Striving for job security: The lived experience of employment informality among educated youth in Egypt
International Journal of Sociology and Social Policy
Article publication date: 8 June 2015
Issue publication date: 8 June 2015
The purpose of this paper is twofold: first, it seeks to voice the concerns of educated youth in Egypt as they describe their work options and preferences. Second, it seeks to highlight the gravity of the policy gap in addressing work informality, drawing on some of the international experience in this field.
Qualitative research in the form of in-depth interviews, desk-review of policies, and descriptive statistical analysis of a recent national survey of labour in Egypt.

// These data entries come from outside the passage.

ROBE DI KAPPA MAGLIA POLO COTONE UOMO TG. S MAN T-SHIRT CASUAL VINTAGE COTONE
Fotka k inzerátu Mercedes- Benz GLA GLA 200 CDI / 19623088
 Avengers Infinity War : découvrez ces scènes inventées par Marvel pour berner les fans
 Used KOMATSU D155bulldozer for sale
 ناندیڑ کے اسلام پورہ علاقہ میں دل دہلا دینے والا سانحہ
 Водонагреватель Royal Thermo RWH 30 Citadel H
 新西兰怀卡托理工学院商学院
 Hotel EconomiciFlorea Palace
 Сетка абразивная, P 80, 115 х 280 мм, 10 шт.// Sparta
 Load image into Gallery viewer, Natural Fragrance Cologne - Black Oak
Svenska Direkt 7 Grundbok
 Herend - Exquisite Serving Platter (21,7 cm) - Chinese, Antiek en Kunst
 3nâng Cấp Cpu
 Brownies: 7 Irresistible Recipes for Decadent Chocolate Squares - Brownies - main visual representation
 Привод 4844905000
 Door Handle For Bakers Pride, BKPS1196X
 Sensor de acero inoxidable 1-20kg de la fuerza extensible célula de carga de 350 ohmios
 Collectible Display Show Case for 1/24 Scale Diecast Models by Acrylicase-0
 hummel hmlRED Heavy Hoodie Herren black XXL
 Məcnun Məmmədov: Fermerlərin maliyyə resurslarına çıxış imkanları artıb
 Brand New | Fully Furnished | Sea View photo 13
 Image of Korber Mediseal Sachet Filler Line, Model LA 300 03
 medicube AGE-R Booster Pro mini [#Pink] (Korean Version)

A large proportion of educated youth work within the realm of informality and there is a clear policy gap in addressing this issue. Contrary to what would be expected, young people value access to social security and work stability. They face systemic hurdles related to access to such benefits. Because of the legacy of guaranteed government hiring of the educated in Egypt, young people express a great appreciation of work in the government, for virtually being the only employer offering job stability and social security in the labour market.
This paper addresses a gap in the literature on youth employment in Egypt, where there is a dearth of research focusing on the lived experience of employment precariousness. The majority of studies in this field relies on statistics with little qualitative research voicing the views of this group.
Reforms are more urgent than timely to extend social security and other measures of social protection to workers within the informal economy.
The paper builds on primary data and provides insights about the way educated youth perceive their working conditions and options. The paper also provides a discussion of the social security system in Egypt, its coverage, and possible reform approaches.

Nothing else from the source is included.